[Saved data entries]
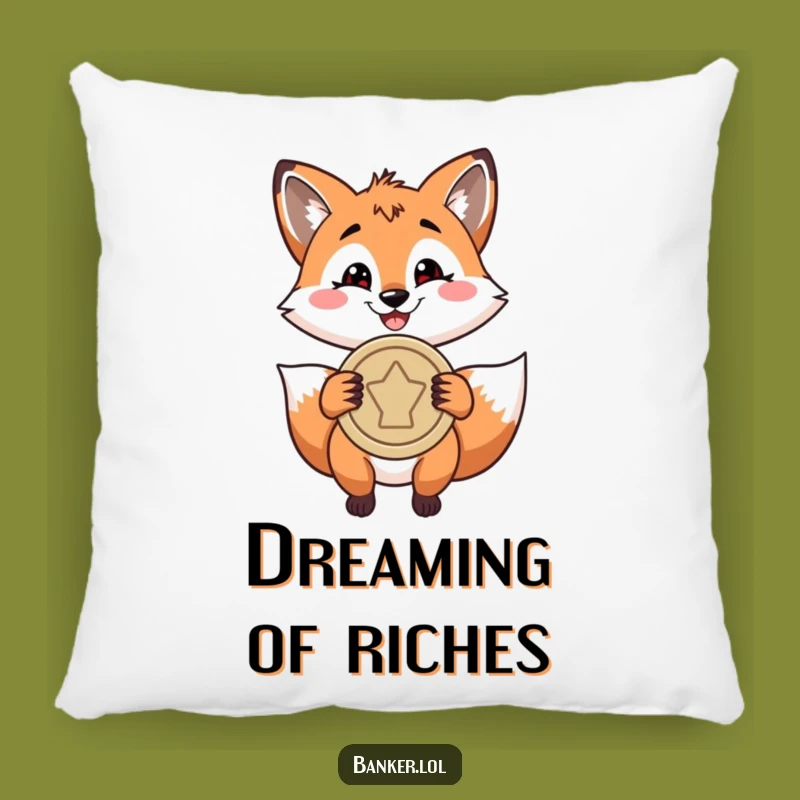 Funny Fox Coin Pillow - Cozy and Hilarious Accent for Any Room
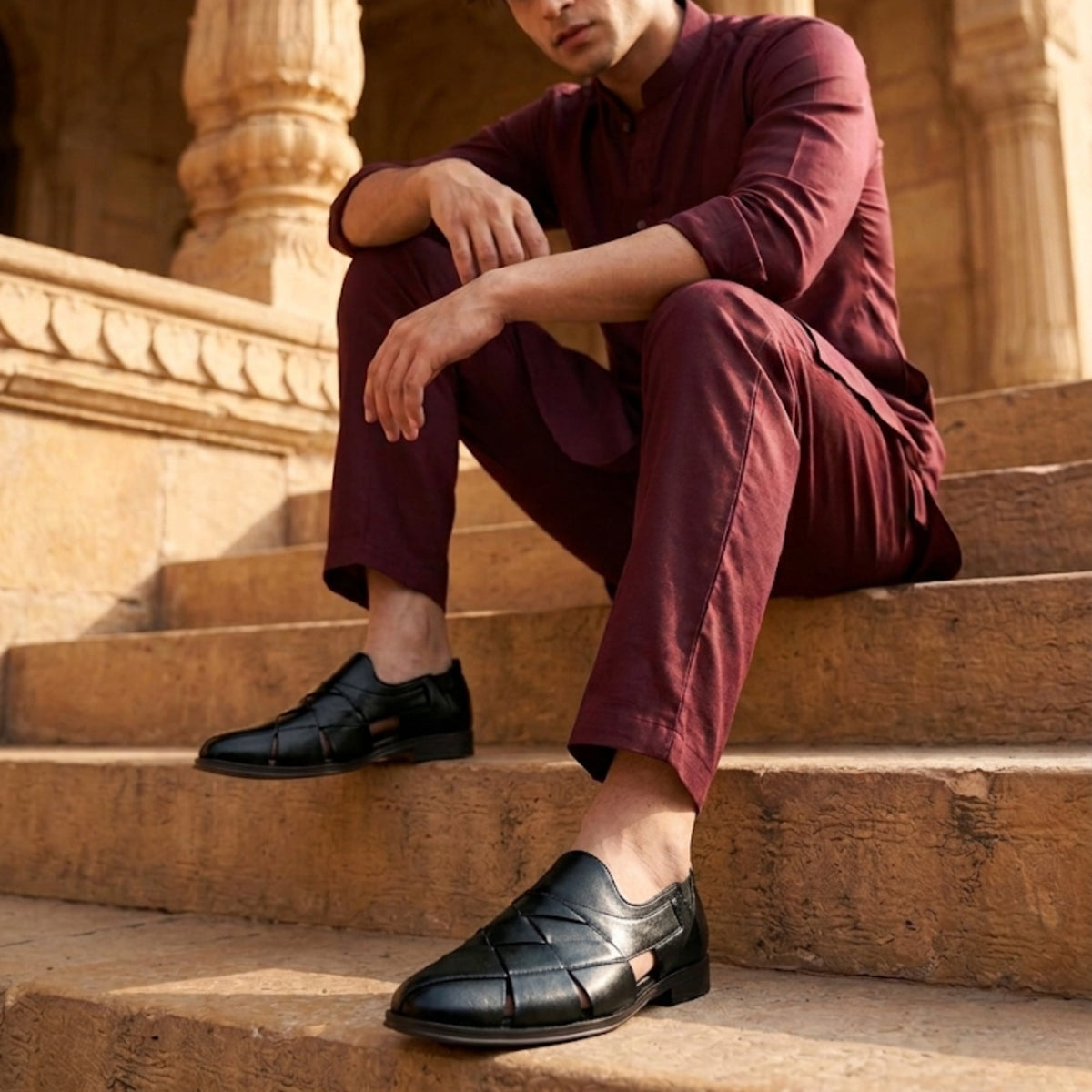 Hirolas Men's Peshawari Shoe Style Vegan Leather Roman Ethnic Sandal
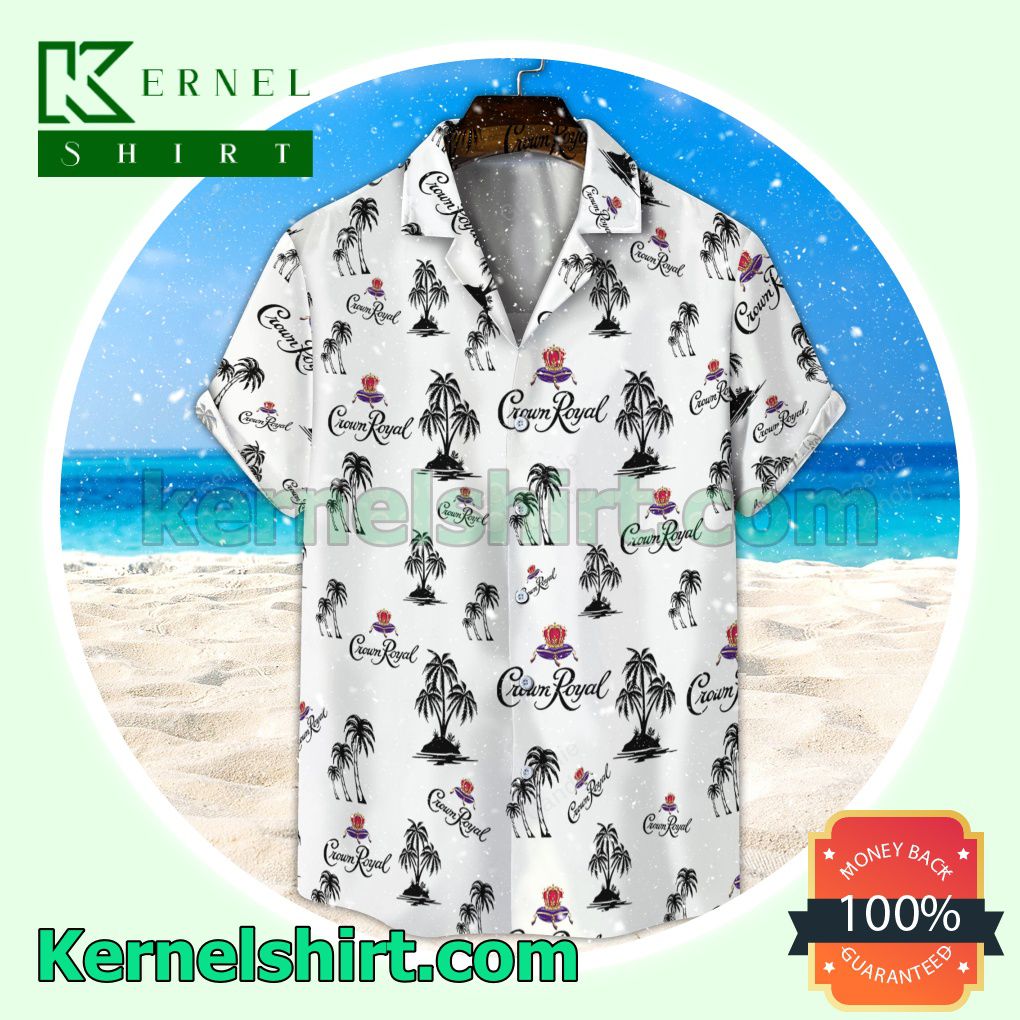 Black Crown Royal Palm Tree Unisex White Aloha Beach Hawaiian Shirt
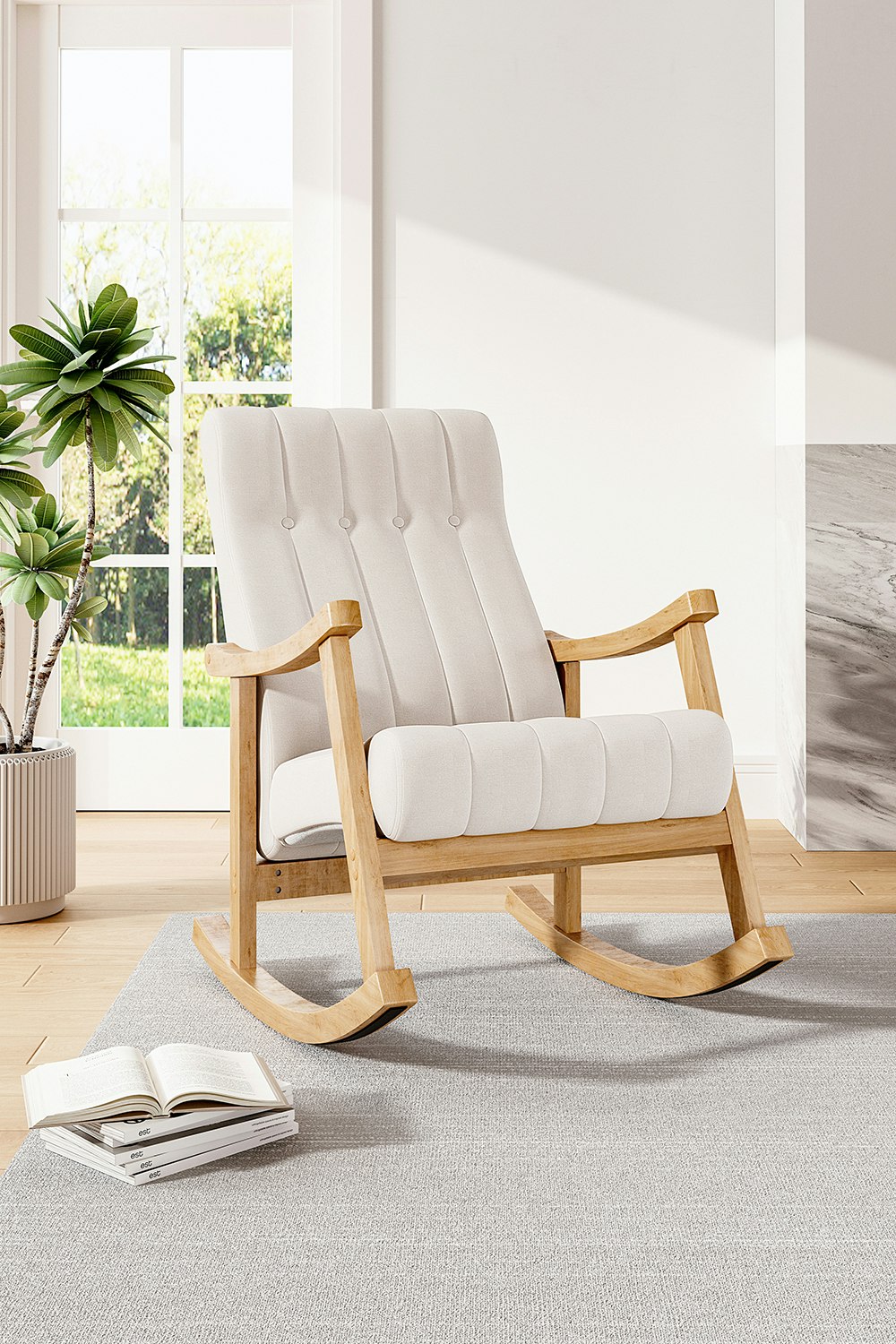 Living And Home Beige Velvet Upholstered Tufting Rocking Chair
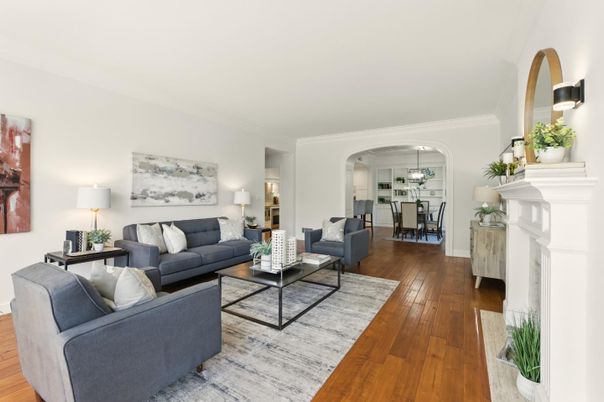 Dining room, Fireplace, Interior, Living room, Wood Texture Flooring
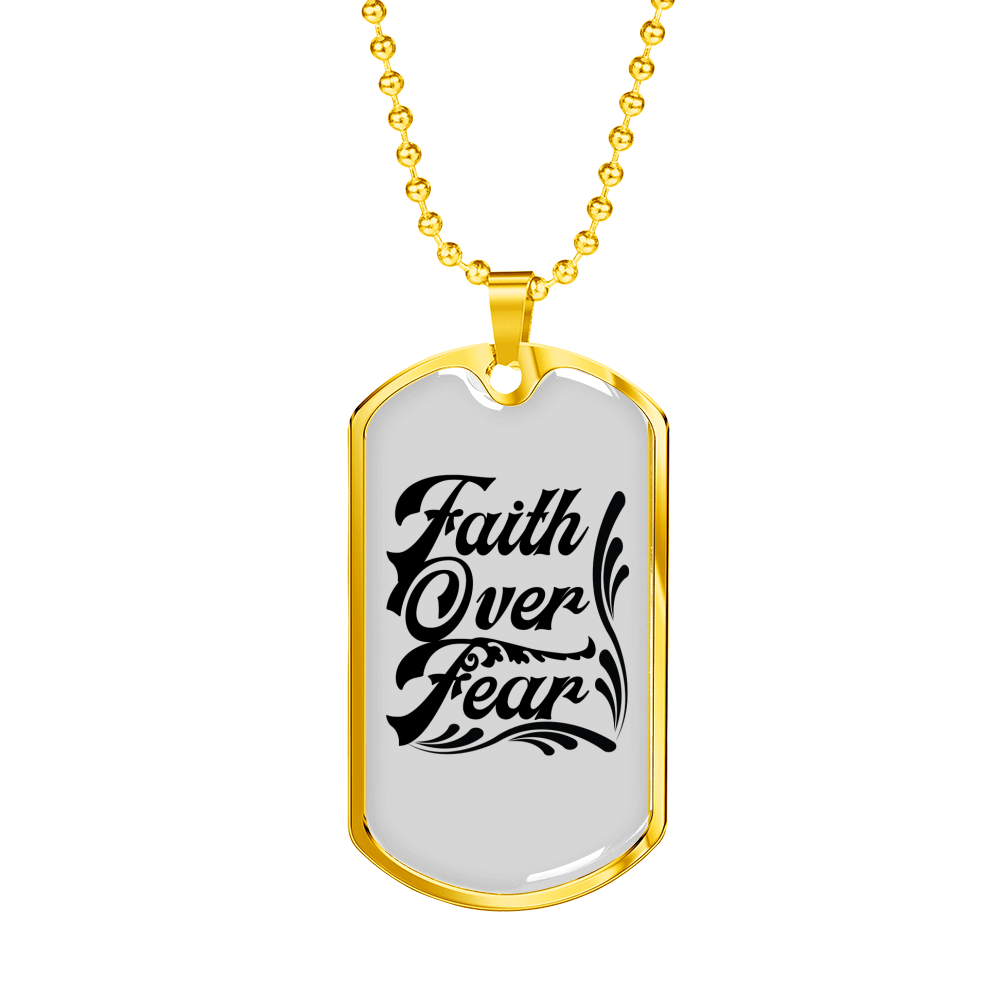 Faith Over Necklace Stainless Steel or 18k Gold Dog Tag 24" Chain-Express Your Love Gifts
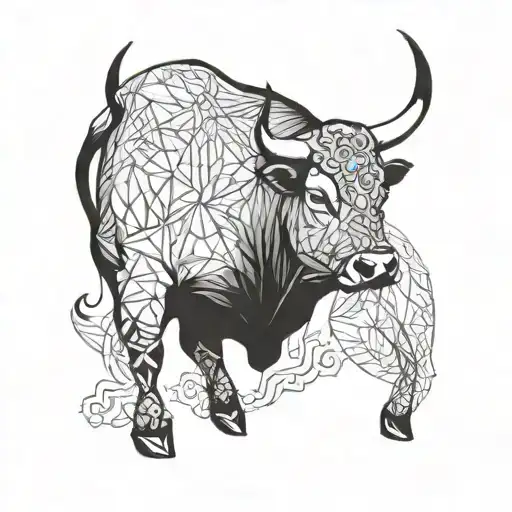 A Majestic Bull With Intricate Geometric Patterns Integrated Into Its Design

» INSTRUCTIONS FOR THE TASK: Please repeat every record above exactly, but leave out the pictures.

» ANSWER SPACE:
 Funny Fox Coin Pillow - Cozy and Hilarious Accent for Any Room
 Hirolas Men's Peshawari Shoe Style Vegan Leather Roman Ethnic Sandal
 Black Crown Royal Palm Tree Unisex White Aloha Beach Hawaiian Shirt
 Living And Home Beige Velvet Upholstered Tufting Rocking Chair
 Dining room, Fireplace, Interior, Living room, Wood Texture Flooring
 Faith Over Necklace Stainless Steel or 18k Gold Dog Tag 24" Chain-Express Your Love Gifts
 A Majestic Bull With Intricate Geometric Patterns Integrated Into Its Design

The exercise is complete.